The future home of Little Miss Brewing’s tasting room in OB (three doors down from Culture Brewing’s satellite)

Breweries make the best margin by far when selling their beer in their taprooms. With a county expansive as San Diego, getting customers to a single location can be a challenge, but the satellite tasting room model—one where a brewery opens a non-brewing sampling space in a geographically removed community—has proven quite successful in helping brewing companies reach new customers, move inventory and generate additional revenue. Many satellites have been sent into orbit throughout the county in recent years, and quite a few are in different states of planning at present. Here is a breakdown of such projects by the neighborhoods they may someday call home.

Bay Park: As announced earlier this week, Grantville-based Benchmark Brewing Company has signed a lease on a space. The family-run business had been exploring the prospect of opening a satellite in Oceanside, but ultimately decided to stay within the City of San Diego.

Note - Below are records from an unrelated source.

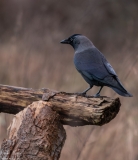 Large Birds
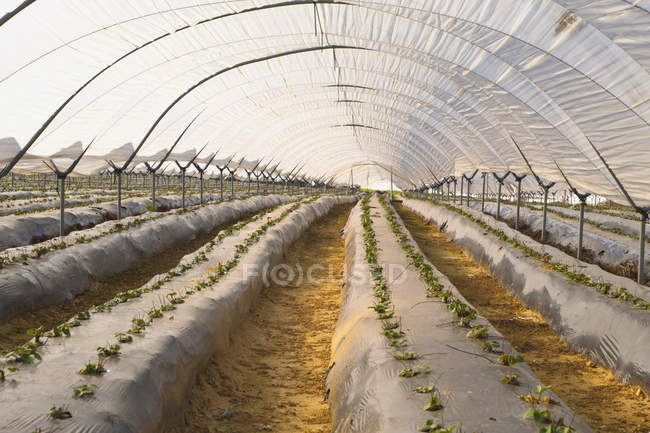Gewächshaus zum Anbau von Erdbeeren — Stockfoto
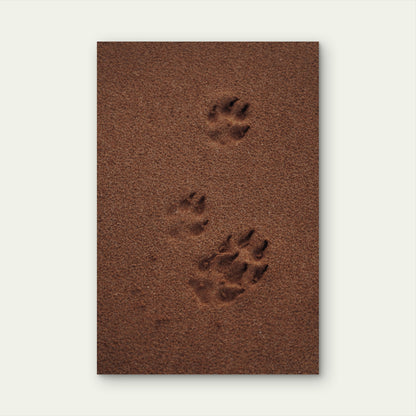 Animal Paws illustration 40x60cm Metal Print Ready to Hang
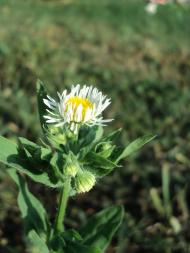 Банилів з panoramio.com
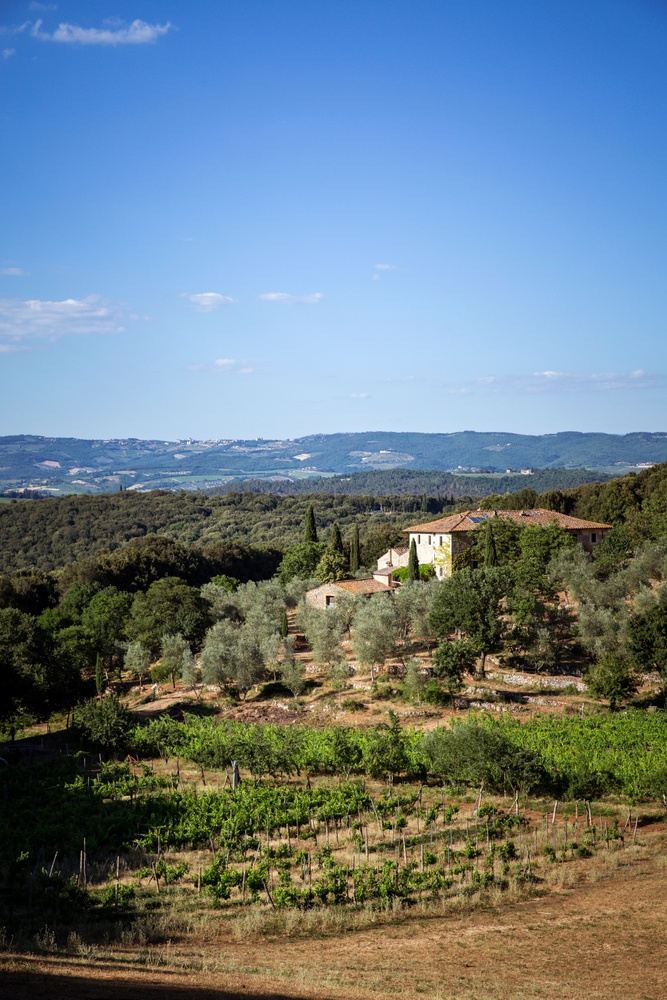 Move, Nourish & Connect in Tuscany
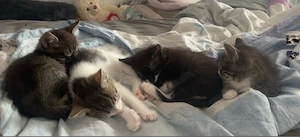 süße baby katzen
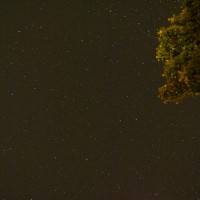 DSC_0091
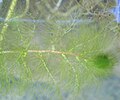 フサタヌキモ(Utricularia dimorphantha)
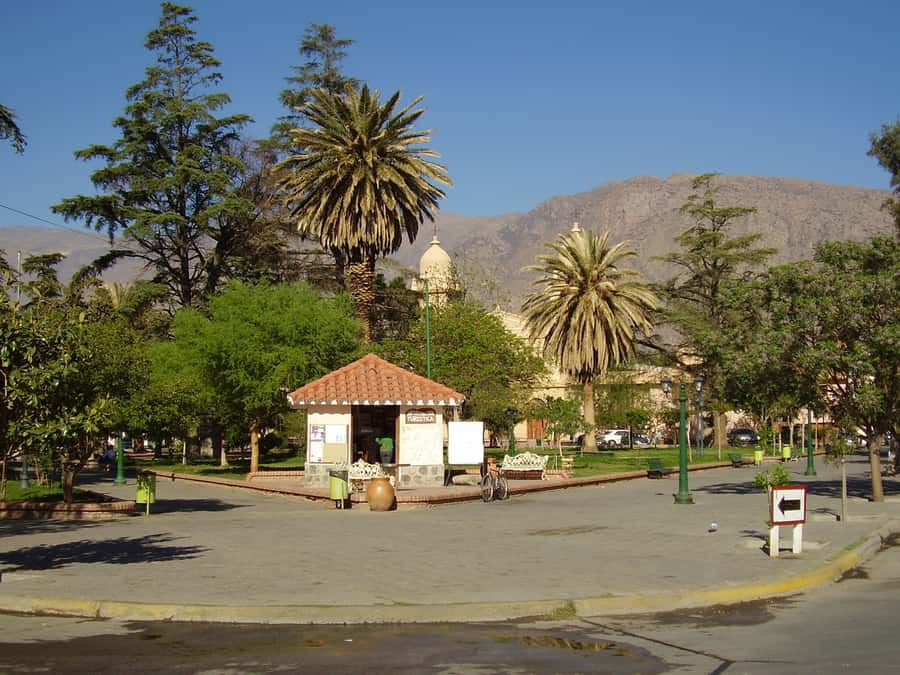 From Salta: Full-Day Tour to Cafayate with Wine Tasting - What the winery visit is really like
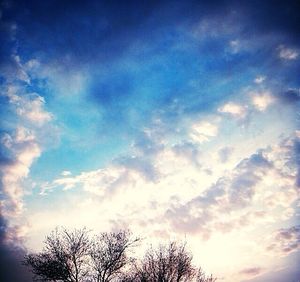 Low angle view of trees against cloudy sky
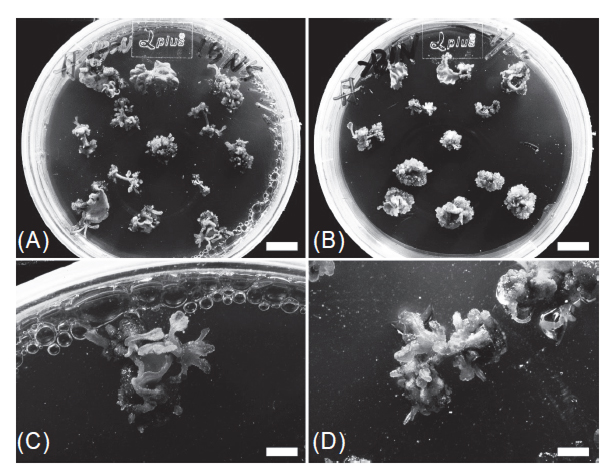 Adventitious shoot induction of <i>in vitro Salvia miltiorrhiza</i> using various explants cultured on medium containing with different plant growth regulators. Adventitious shoots were induced on petiole and leaf segments cultured on the MS medium supplemented with 1 mg L<sup>-1</sup> BA and 0.5 mg L<sup>-1</sup> NAA (A) or 2 mg L<sup>-1</sup> BA and 1 mg L<sup>-1</sup> NAA (B) after 6 wk of culturing under light condition. Multiple adventitious shoots were developed directly on leaf explant (C) and petiole explant (D). Bar = 10 mm in (A) and (B), Bar = 30 mm in (C) and (D).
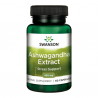 Ashwagandha Extrakt, 450 mg, kapsułki, 60 sztuk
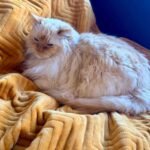 The Money-Saving Magic of a Heated Throw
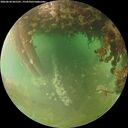./images/calvert/underwater/20260628/underwater20260628_065501M.jpg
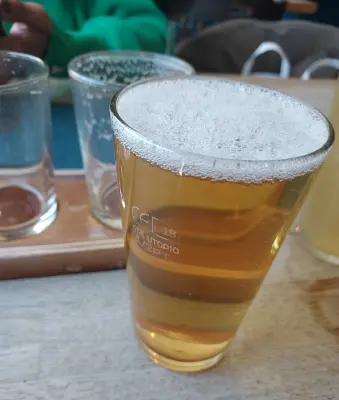 LordAlwold1970's photo of Single Hopped Pale - Karma #47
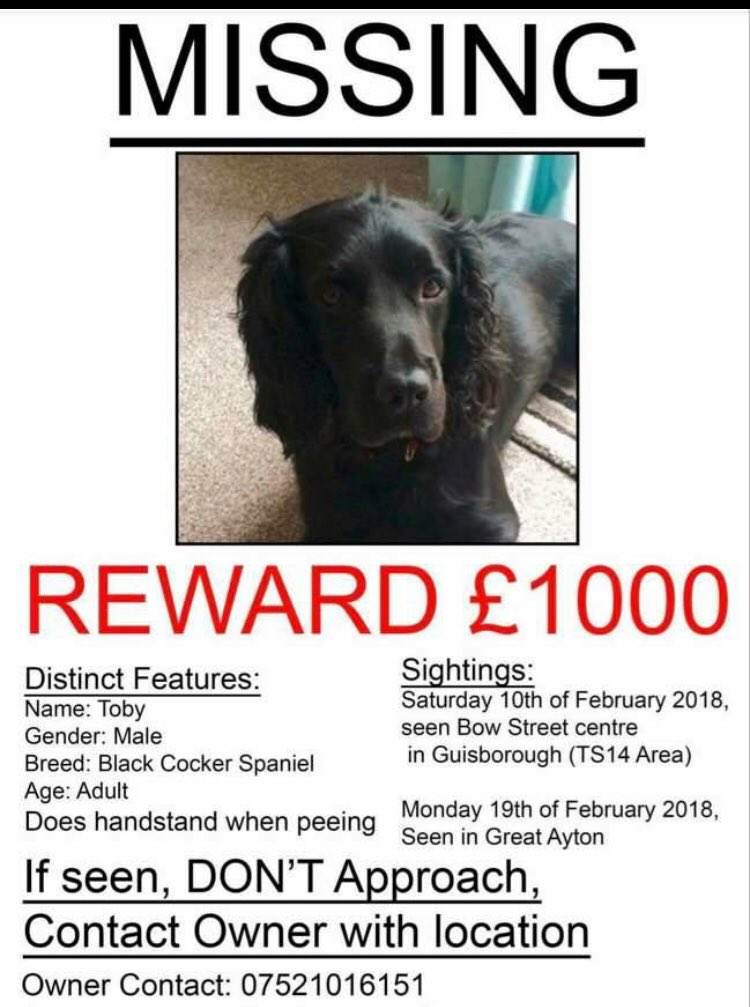 suedaycam's tweet photo. Please RT for Toby๐พ#FindMissingToby
Missing from #Guisborough #TS14 #NorthEast since 10 Feb 2018๐
Look out for his funny handstand style when he peesโผ๏ธ
#REWARD for his safe return. Family miss him so much๐
https://t.co/IoHGzAC5bj https://t.co/SbMCVnwi6h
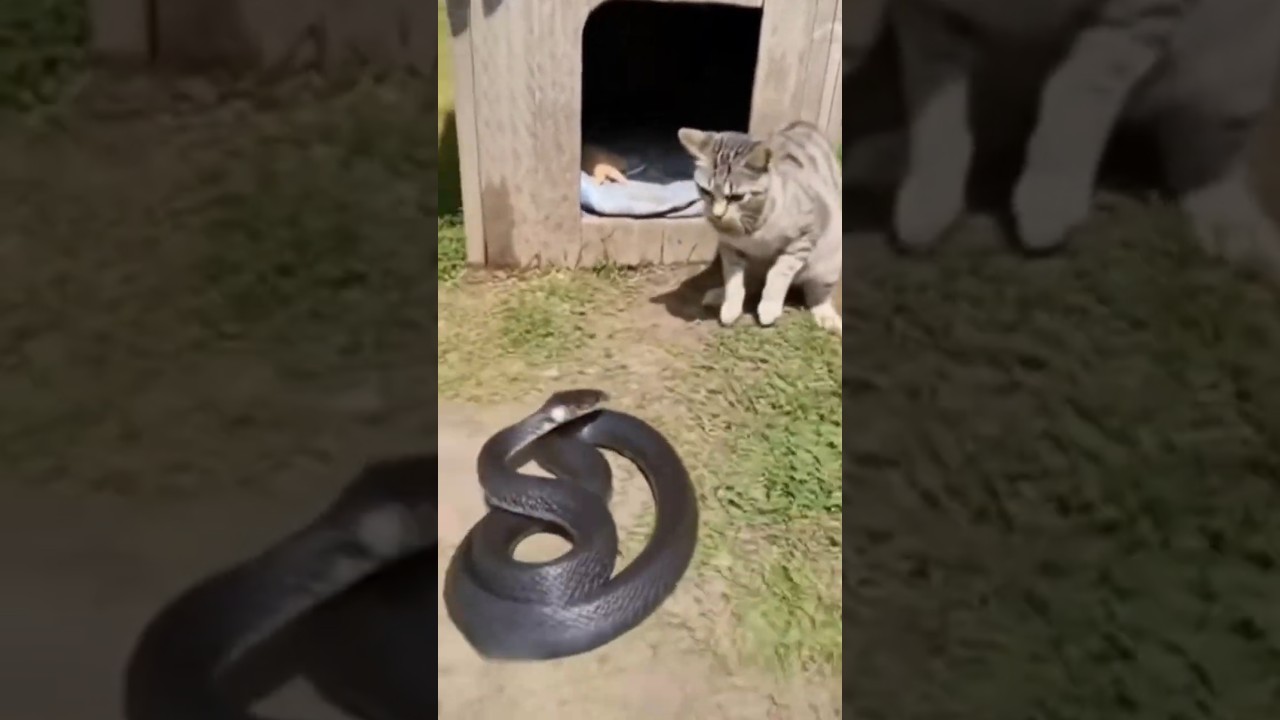 Don't Touch My Kittens! 😲 Fierce Mama Cat Protects Her Babies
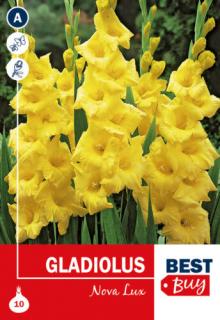Gladiolus Nova Lux BestBudget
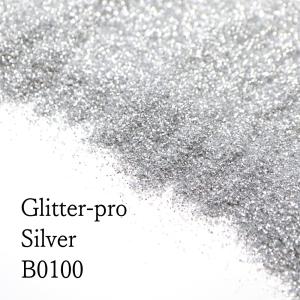 GLEAMS ラメフレーク ( わけありシルバー ) ( 100g ) ( B0100 )  ラメパウダー / グリッター / 耐溶剤 / 塗装 / 吹付 / ハンドメイド / DIY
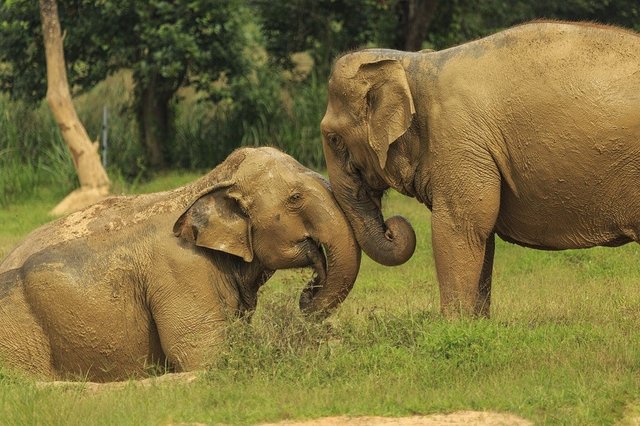 4 Attractions in Thailand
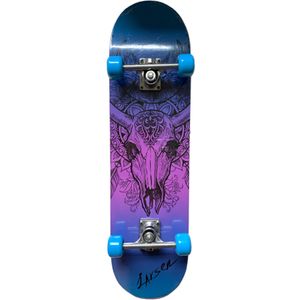 Скейтборд Larsen CITY 5 р31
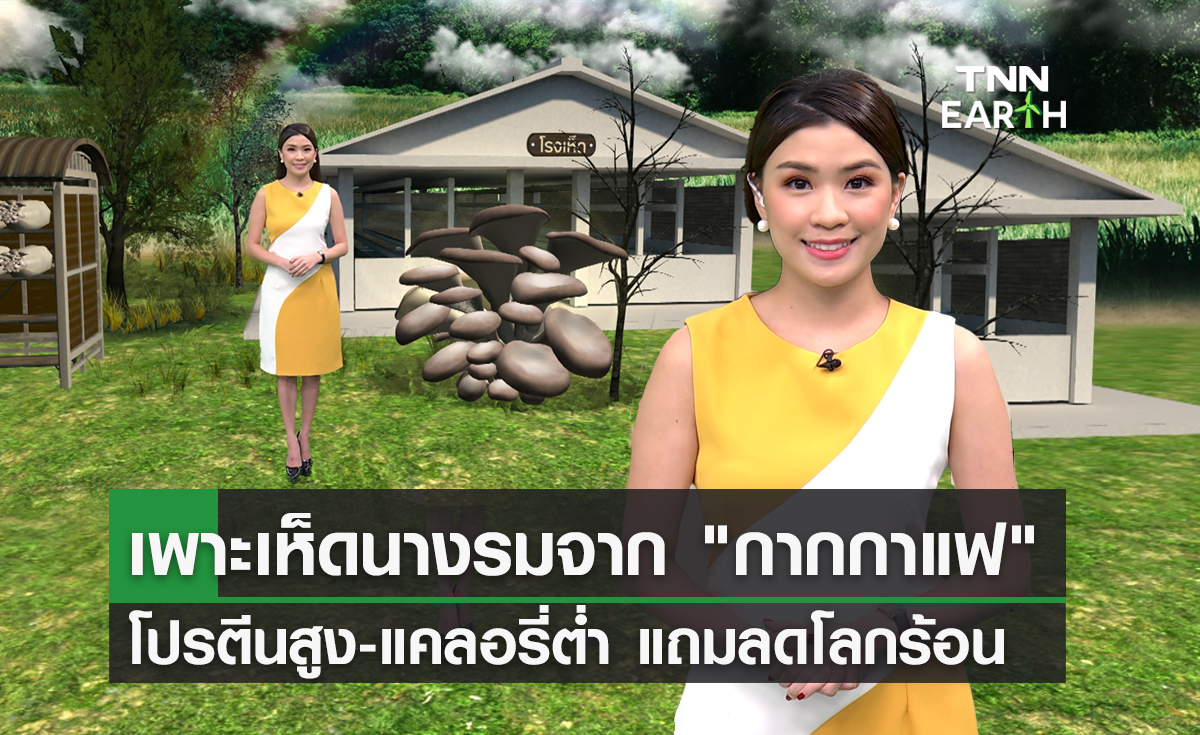 เพาะเห็ดนางรมจาก "กากกาแฟ" โปรตีนสูง-แคลอรี่ต่ำ แถมลดโลกร้อน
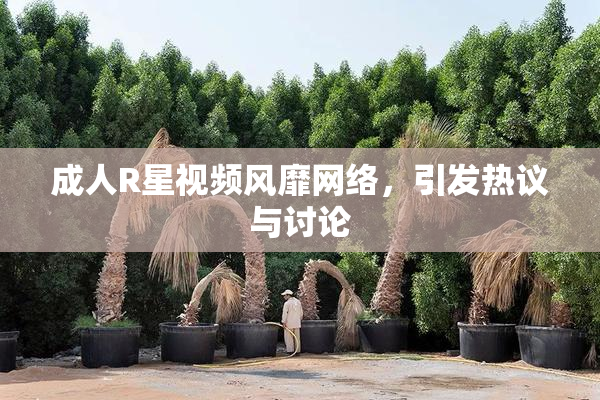 成人R星视频风靡网络，引发热议与讨论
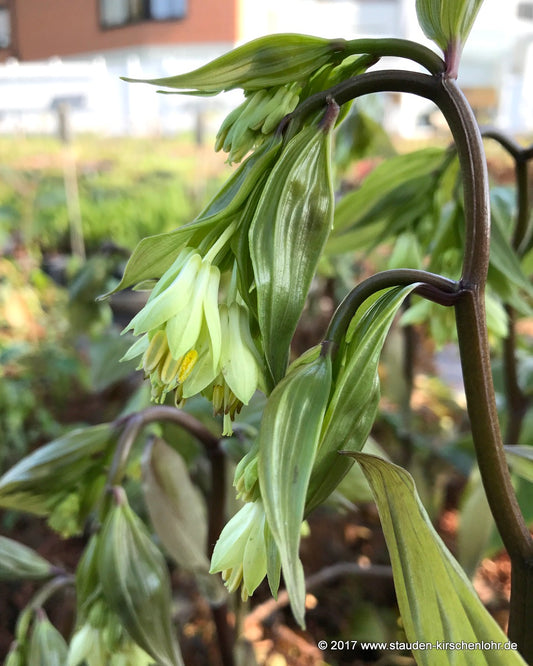 Disporum megalanthum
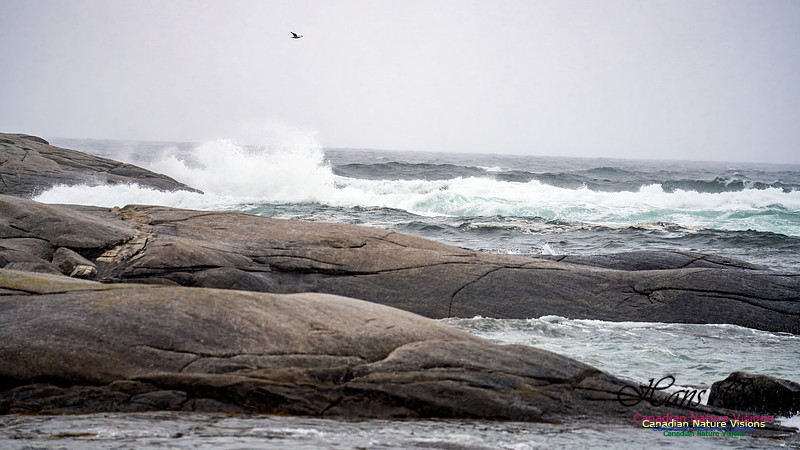 Angry Sea 376
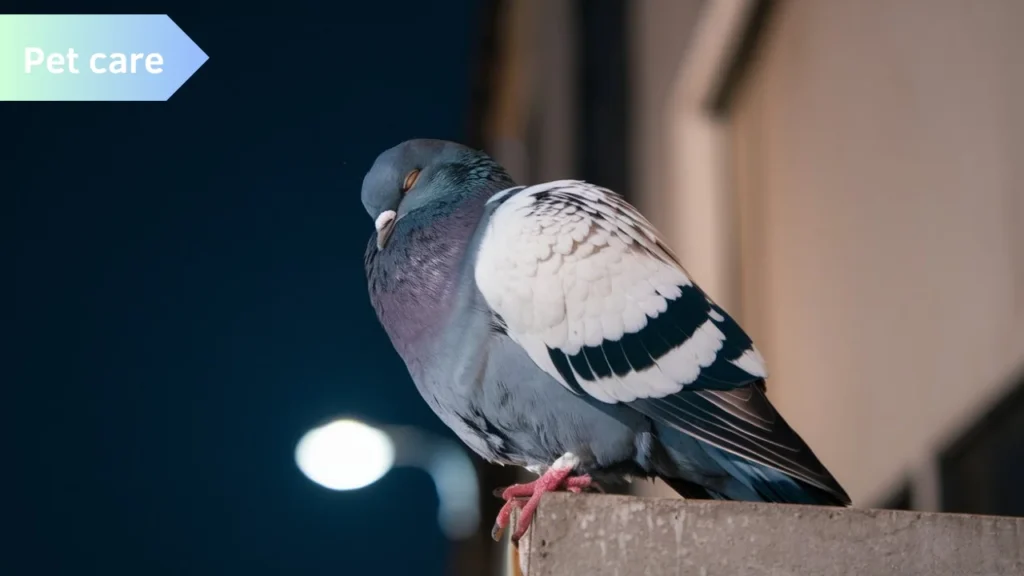 Do Pigeons Sleep Standing Up?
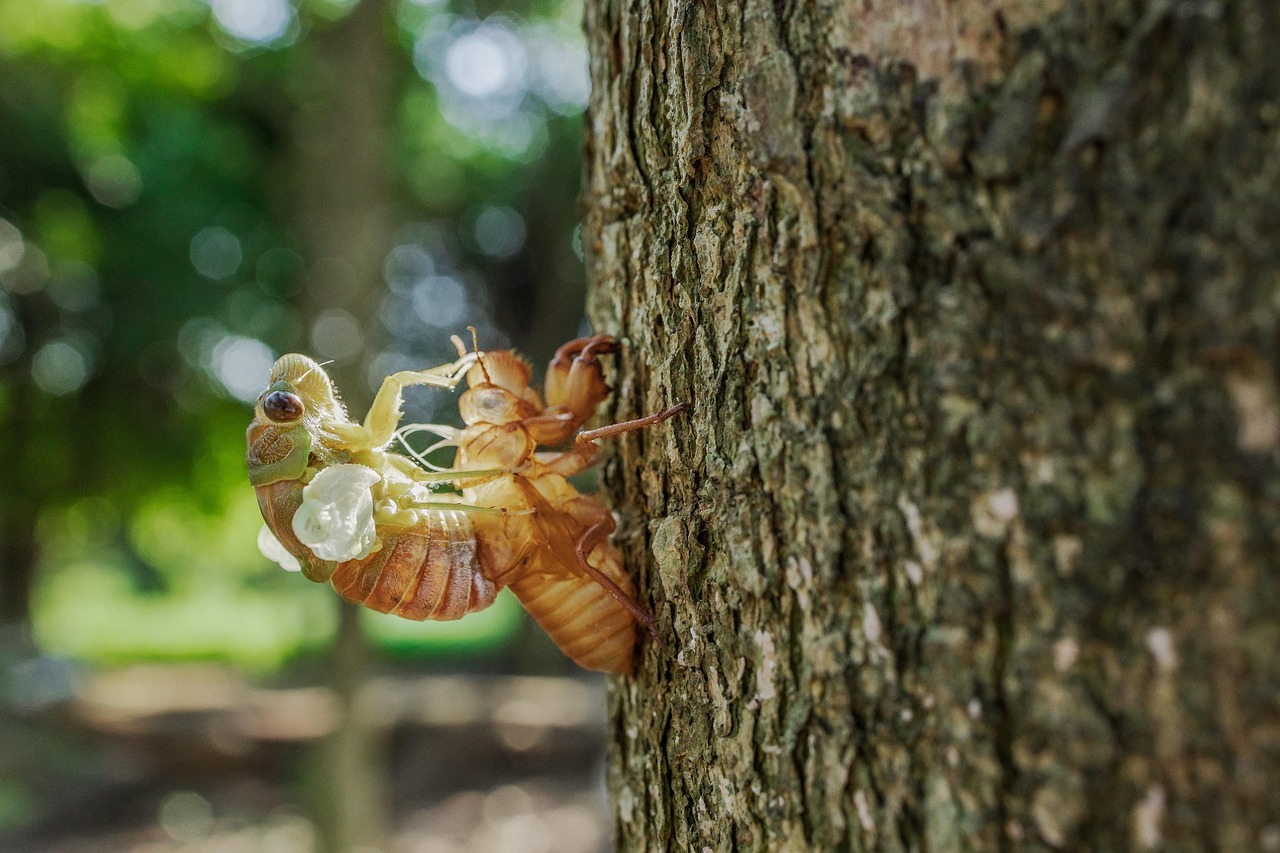 découvrez le fascinant monde des insectes, ces petites créatures aux rôles essentiels dans nos écosystèmes. apprenez leur classification, leurs habitats variés, et leur impact sur la biodiversité. explorez les secrets des insectes et émerveillez-vous devant leur diversité.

Carlsbad: A collective of artisans will someday share space with crops of produce, wine grapes and hops at the North 40 development. Numerous tenants have been reeled in over the past two years (and many have walked away), but Miramar’s AleSmith Brewing Company and Carmel Mountain’s Second Chance Beer Company are signed up, with the former hoping to sell house-made cheese with its beer.

Chula Vista: Fresh off the high of moving into Twisted Manzanita Ales’ former production brewery (and distillery) in Santee, Groundswell Brewing Company is working to open a sampling space on downtown Chula Vista’s main drag, Third Avenue…right across the street from soon-to-debut Thr3e Punk Ales Brewing Company.

Encinitas: Though a community that’s openly resisted brewery-owned venues, this beachy berg has two breweries slogging against the tide for space on Coast Highway 101: Point Loma’s Modern Times Beer Company (across from La Paloma Theatre) and Solana Beach’s Culture Brewing Company (next to Bier Garden of Encinitas).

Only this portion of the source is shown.